*DIRECTIONS*
Copy task, pictures excluded: set down exactly the lines from the one containing "1214 S HARRIS Avenue — photo 3" to the end of the data below.

*** Opening of GIVEN INFORMATION ***

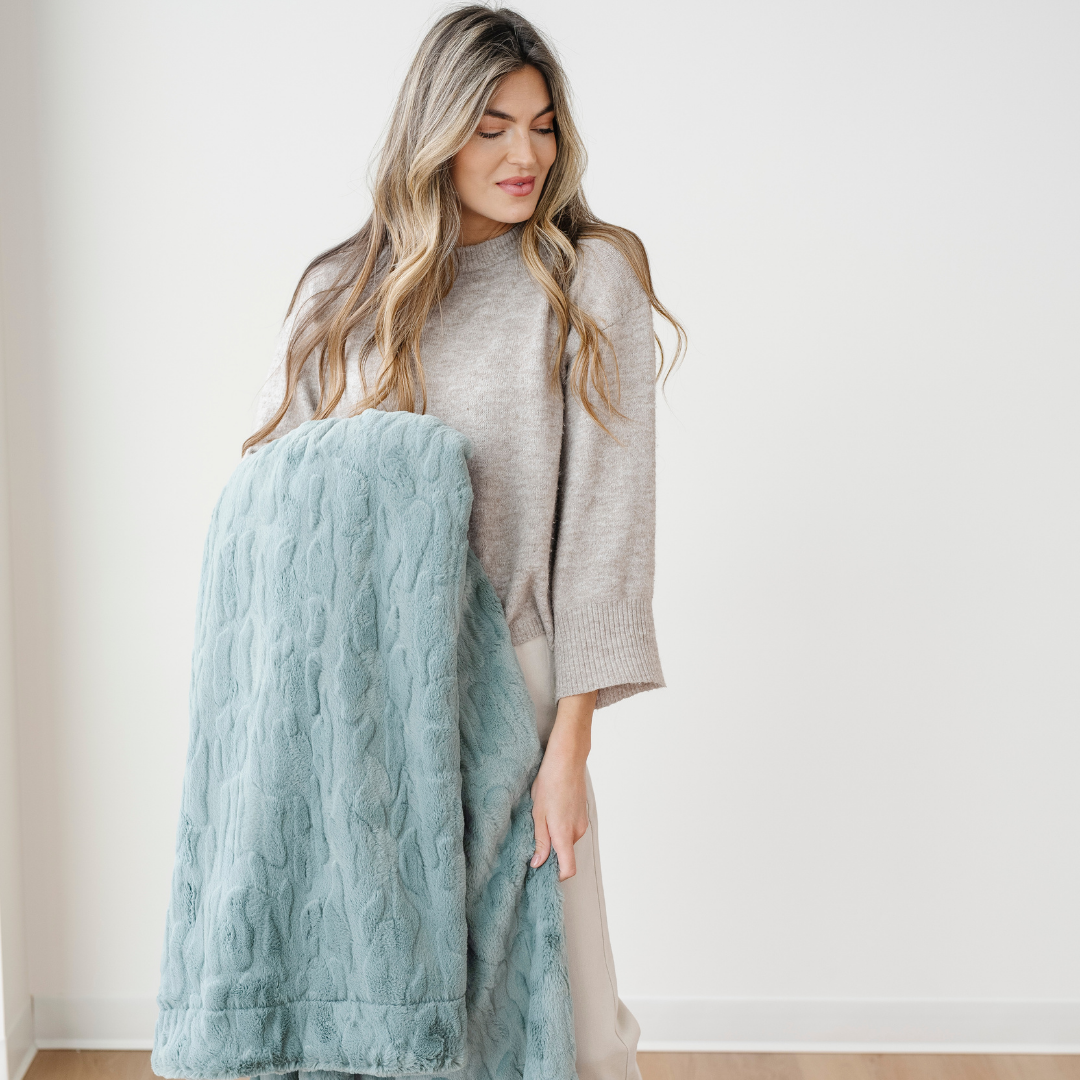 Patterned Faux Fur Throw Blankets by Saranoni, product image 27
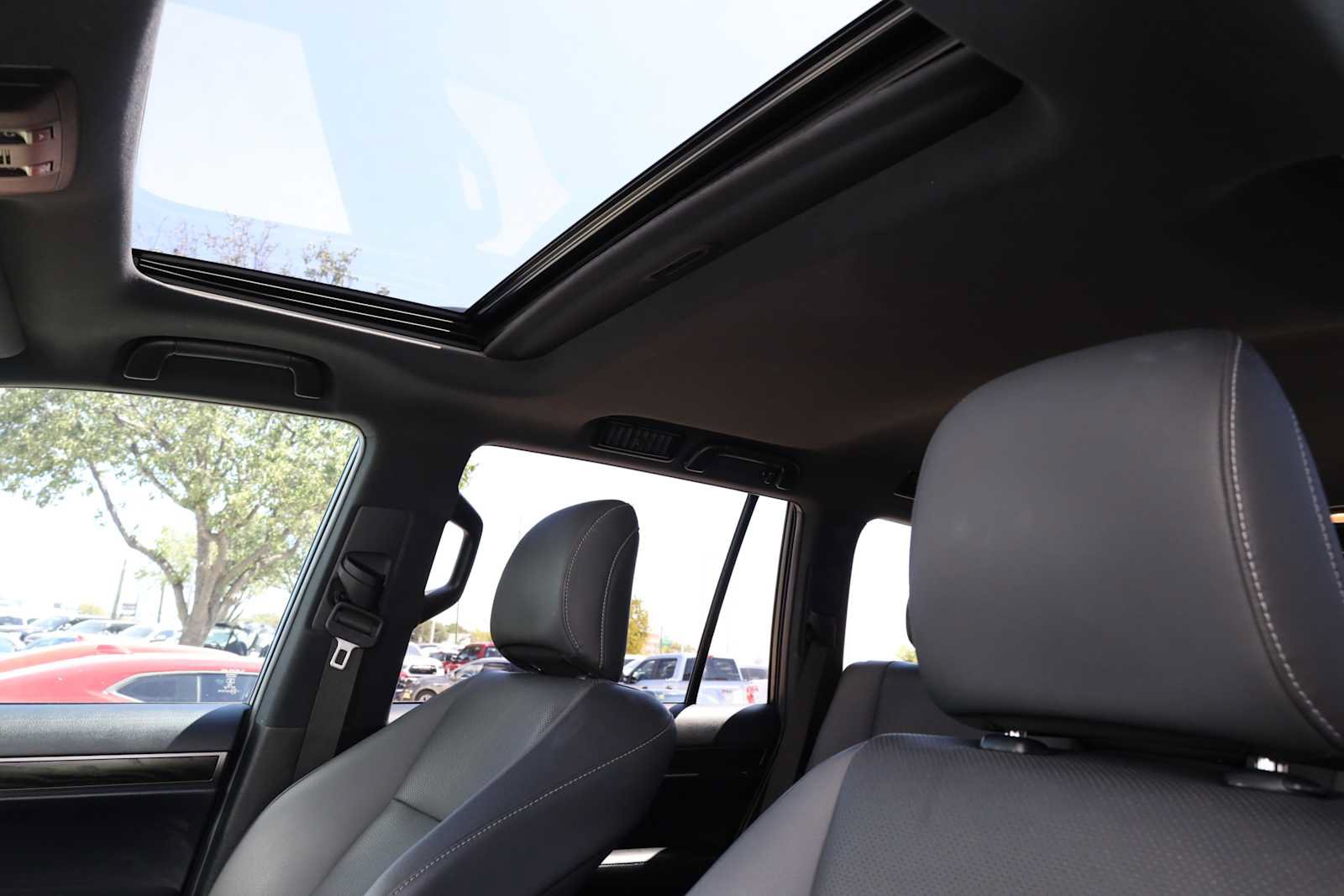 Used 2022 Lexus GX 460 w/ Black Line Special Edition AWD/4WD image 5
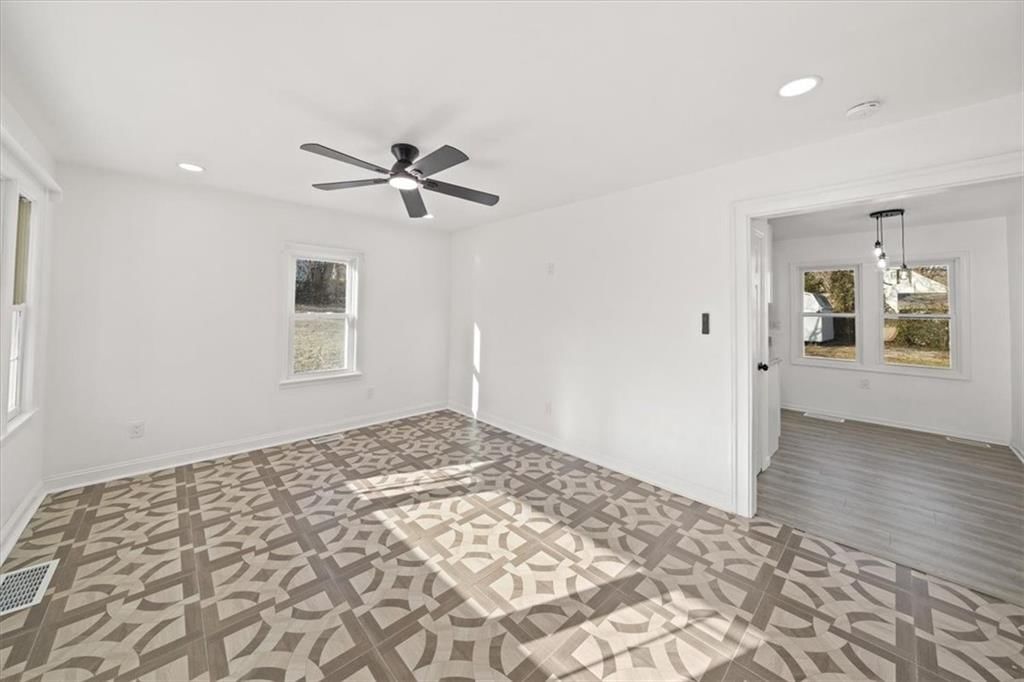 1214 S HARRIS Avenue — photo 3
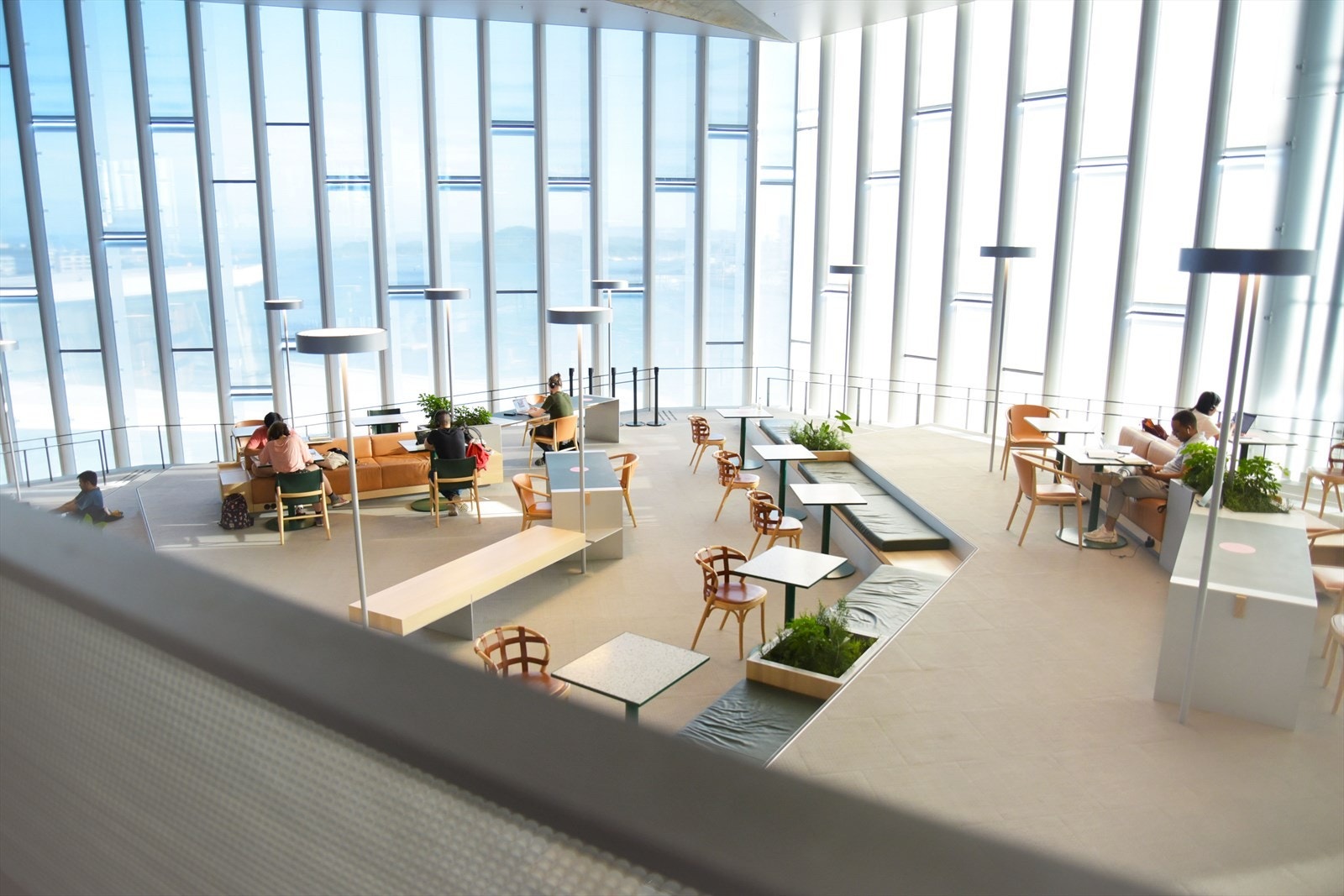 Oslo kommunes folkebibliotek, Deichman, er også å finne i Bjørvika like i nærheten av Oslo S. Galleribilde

*** Close of GIVEN INFORMATION ***

*ANSWER SECTION*
 1214 S HARRIS Avenue — photo 3
 Oslo kommunes folkebibliotek, Deichman, er også å finne i Bjørvika like i nærheten av Oslo S. Galleribilde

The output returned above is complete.